About this task – What is needed is a word-for-word copy of the lines below from the one with "Talbots Dalmatian 3/4" through the one with "Mixtooltoys Solar Powered", both included, with every picture left out.

Information supplied –
((

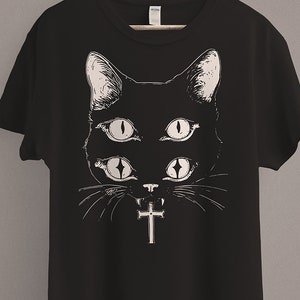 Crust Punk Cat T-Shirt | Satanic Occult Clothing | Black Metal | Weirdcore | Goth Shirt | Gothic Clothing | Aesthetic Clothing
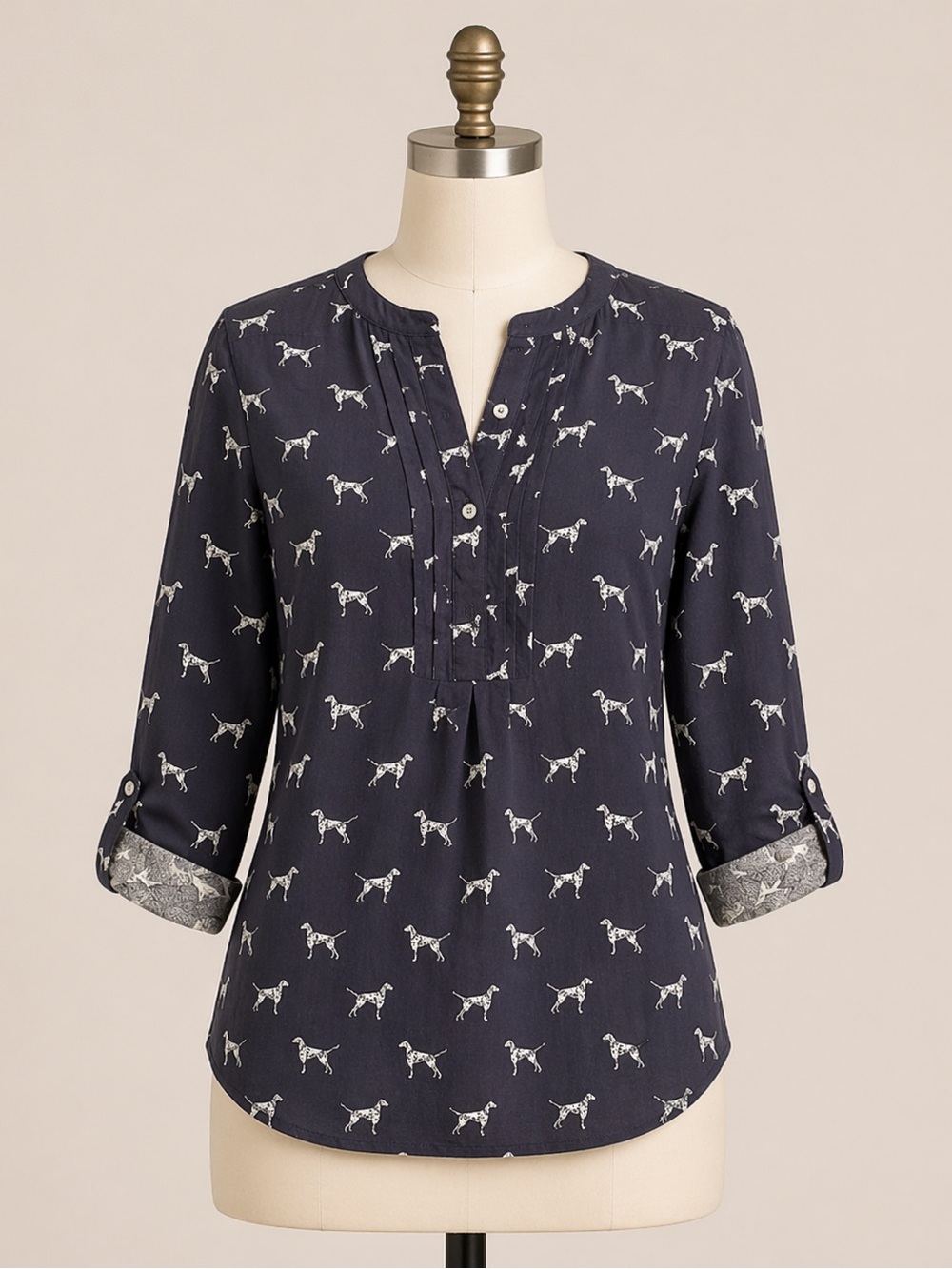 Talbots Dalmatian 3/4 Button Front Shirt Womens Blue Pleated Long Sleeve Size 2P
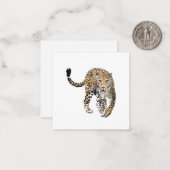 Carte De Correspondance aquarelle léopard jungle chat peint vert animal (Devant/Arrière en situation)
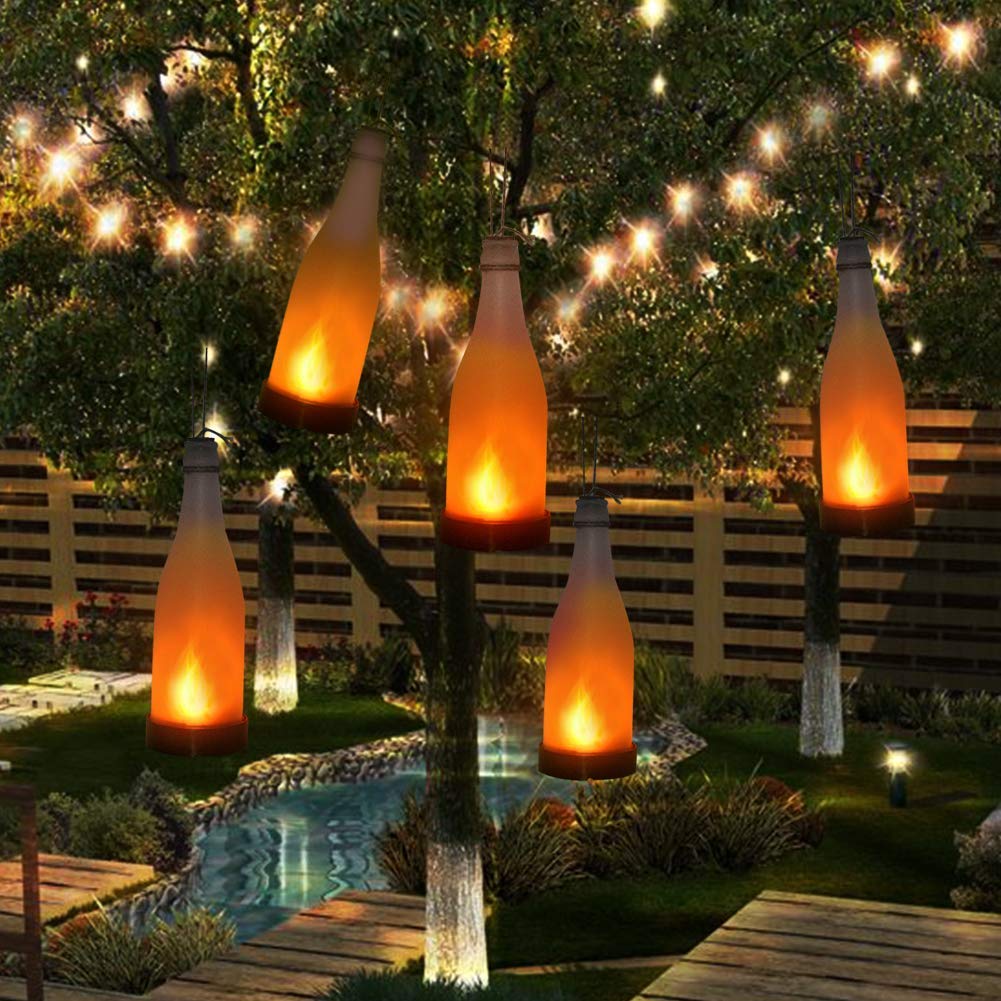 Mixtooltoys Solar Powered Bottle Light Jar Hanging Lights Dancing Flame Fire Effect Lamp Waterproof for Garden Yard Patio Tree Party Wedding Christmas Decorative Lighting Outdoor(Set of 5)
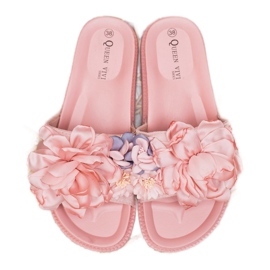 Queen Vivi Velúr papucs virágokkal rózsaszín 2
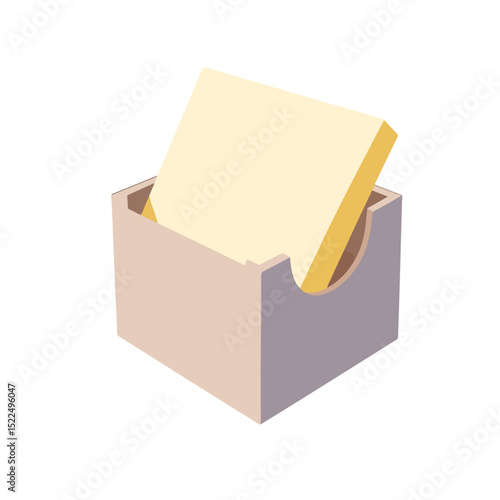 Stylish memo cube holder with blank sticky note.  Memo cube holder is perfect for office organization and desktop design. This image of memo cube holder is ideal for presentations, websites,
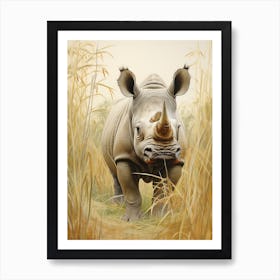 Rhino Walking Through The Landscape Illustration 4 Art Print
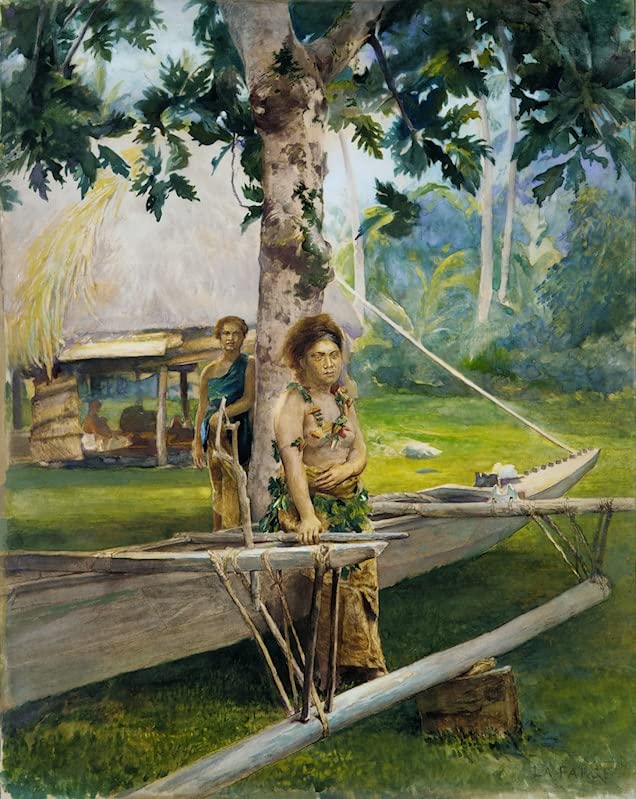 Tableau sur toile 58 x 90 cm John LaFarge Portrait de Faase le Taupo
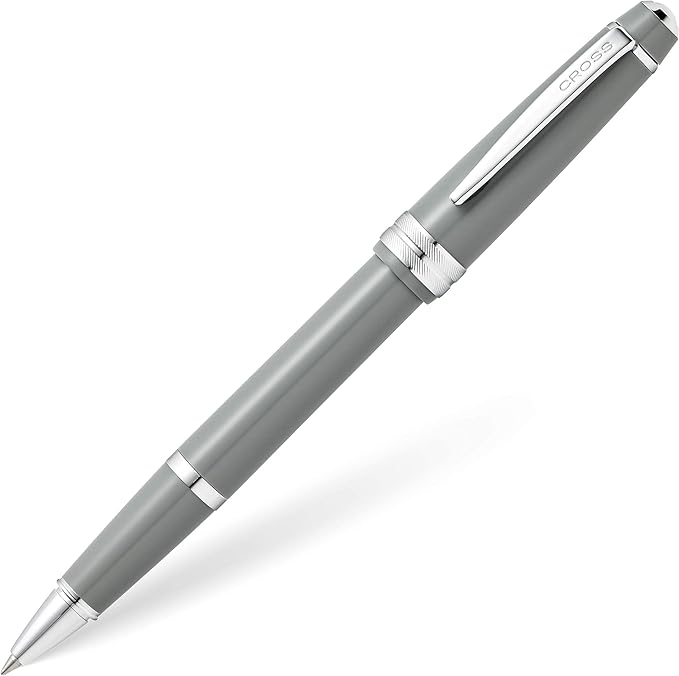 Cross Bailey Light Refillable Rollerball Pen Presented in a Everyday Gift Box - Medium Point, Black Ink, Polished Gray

))
((

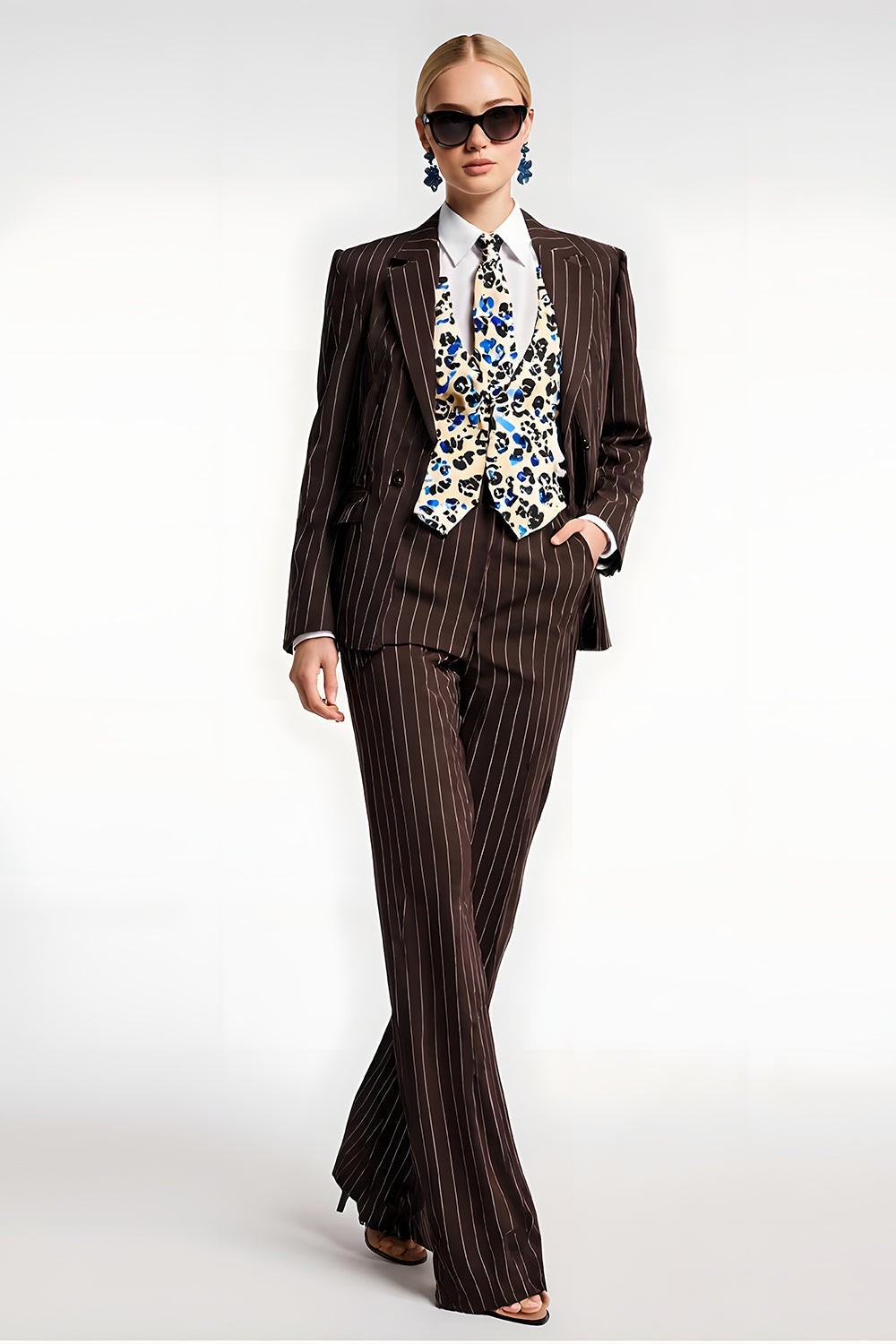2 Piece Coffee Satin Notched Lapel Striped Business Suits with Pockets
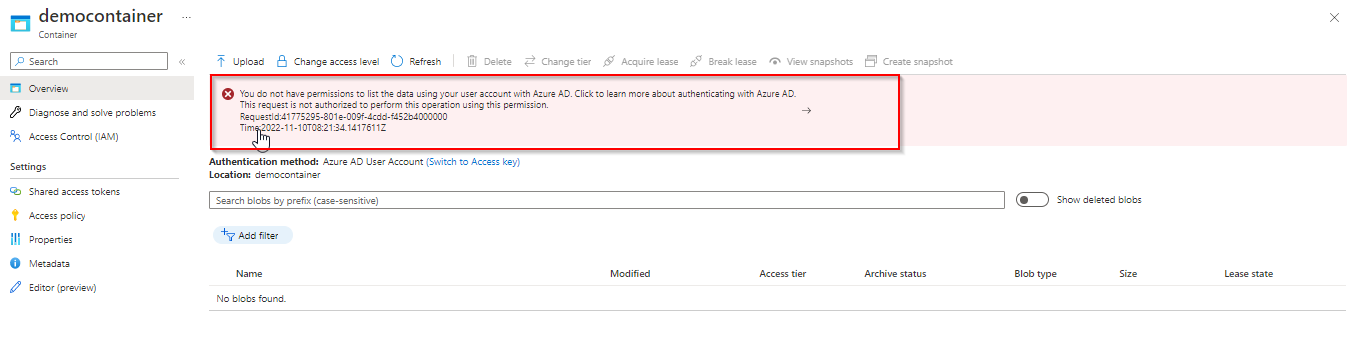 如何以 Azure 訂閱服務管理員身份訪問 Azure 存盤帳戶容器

))
((

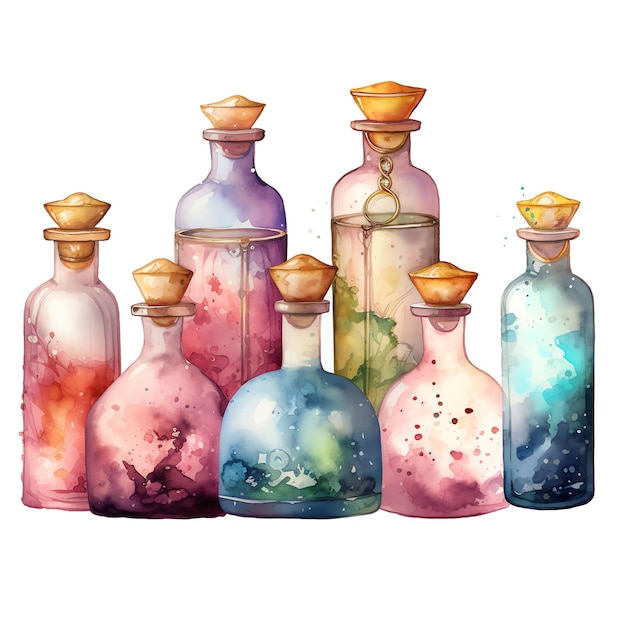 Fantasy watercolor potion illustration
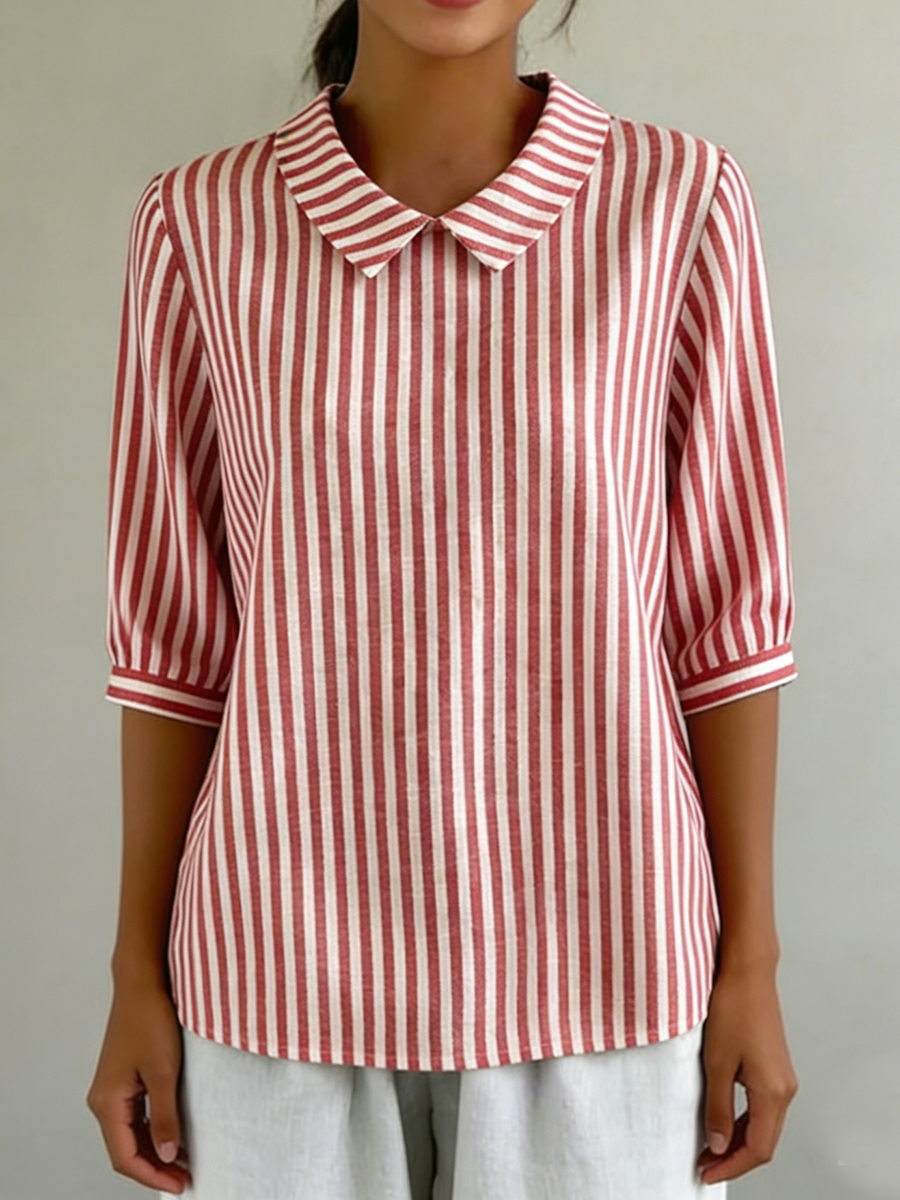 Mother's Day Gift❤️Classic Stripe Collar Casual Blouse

))

Answer to the problem –
 Talbots Dalmatian 3/4 Button Front Shirt Womens Blue Pleated Long Sleeve Size 2P
 Carte De Correspondance aquarelle léopard jungle chat peint vert animal (Devant/Arrière en situation)
 Mixtooltoys Solar Powered Bottle Light Jar Hanging Lights Dancing Flame Fire Effect Lamp Waterproof for Garden Yard Patio Tree Party Wedding Christmas Decorative Lighting Outdoor(Set of 5)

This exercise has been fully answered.